Routes of nutrition support to those experiencing bariatric surgery complications
Traditionally, the route of feeding in-patients after bariatric surgery that experience complications would be PN, providing complete gut rest allowing anastomotic leaks and fistulas to heal(Reference Gonzalez, Sarr and Smith14). It is often preferred, due to the perceived difficulties with gaining enteral feeding access, such as getting endoscopic examination of the excluded stomach and also the technical challenges posed by the body. In the Alves et al. 2009 study(Reference Alves, Moreira da Rocha and Gonzalez50), those studied who experienced bariatric surgery complications were all fed PN. The enlarged fatty liver that is commonly present in obese patients(Reference Clain and Lefkowitch18–Reference Papadia, Marinari and Camerini20) can complicate PN provision.
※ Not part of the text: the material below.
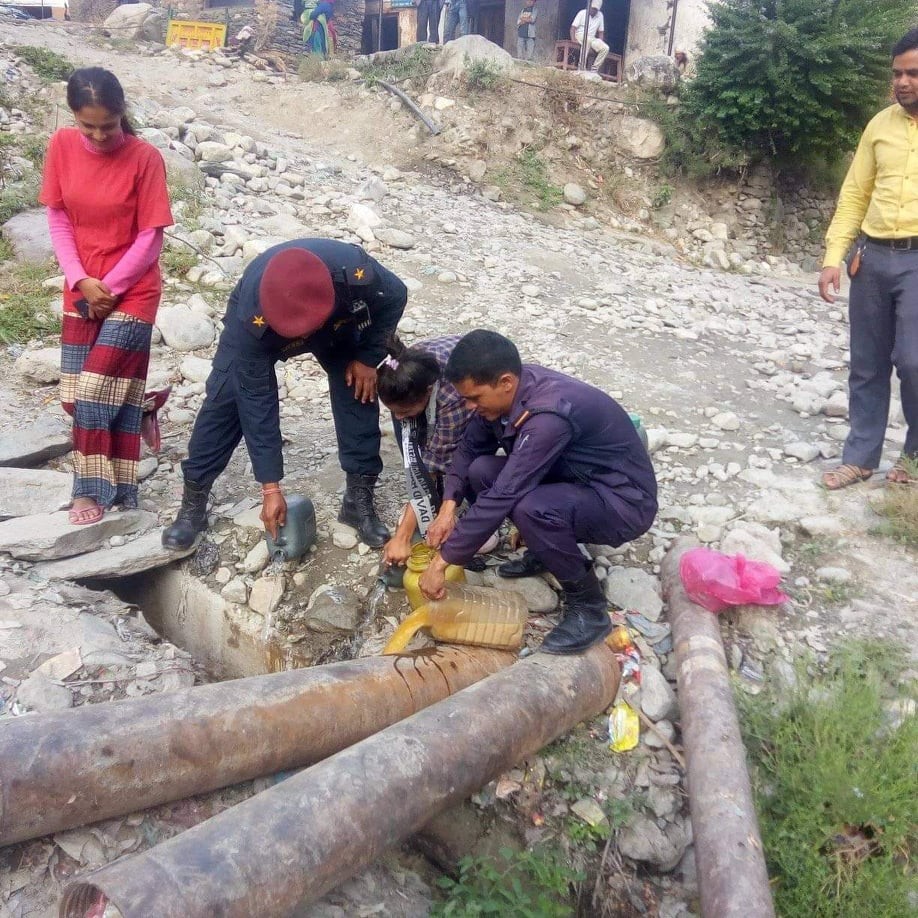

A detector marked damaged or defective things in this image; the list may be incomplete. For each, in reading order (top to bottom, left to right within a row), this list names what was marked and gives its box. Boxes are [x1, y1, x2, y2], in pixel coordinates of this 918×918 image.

Within the critical care literature, it is advised that efforts should be made to enterally feed wherever possible as early enteral nutrition is associated with decreased mortality(Reference McClave, Martindale and Vanek63–Reference Doig, Heighes and Simpson67). Despite the perceived challenges, it is possible to provide enteral nutrition support following bariatric surgery(Reference Pasnik, Krupa and Stanowski68, Reference Sarr69) (see Table 4 for enteral feeding access routes).
Weight loss
When the focus of care following bariatric surgery has been on nutrition support, maintaining nutritional status becomes an important goal. The rapid weight loss normally observed in the first 3 months following bariatric surgery may be dramatic as a result of decreased intake and/or malabsorption. Most patients' dietary intake prior to surgery will be markedly in excess of any energy provision during nutrition support; hence, weight loss will naturally occur. In addition to this, the procedures that involve a component of malabsorption, i.e. RYGB and biliopancreatic diversion with duodenal switch will have other mechanisms involved in further rapid weight loss. This dramatic weight loss is at odds with what is normally associated with nutritional support therapy. The amount of weight that can still be lost following surgery, while being artificially fed, is yet to be studied. It is, on the other hand, known that in normal circumstances following surgery a loss of 0·23–0·45 kg/d or 18–45 kg for 3 months post-operatively can be achieved(66). This is based on an energy intake of less than 4184 J/d (1000 kcal/d), which is normal for the first 3 months following surgery.
Conclusions
There is a dearth of published research in the field of nutrition support to those who require it following complications associated with bariatric surgery. As a consequence, the literature on nutrition support provision to obese hospitalized patients was reviewed, discussed and findings extrapolated. To date, there is still a lack of consensus with regard to the most accurate predictive equation to use in the obese hospitalized patient, although the HBE and Penn State equation may be more accurate. Evidence suggests that hypoenergic feeding with adequate protein may offer potential in improving the outcome, but this is yet to be validated through a randomized controlled trial. More research in all aspects of nutrition support to obese patients especially following bariatric surgery is urgently required to help direct clinical practice.
Acknowledgements
The author declares no conflicts of interest. There was no funding relevant to the paper. E.S. is entirely responsible for the paper.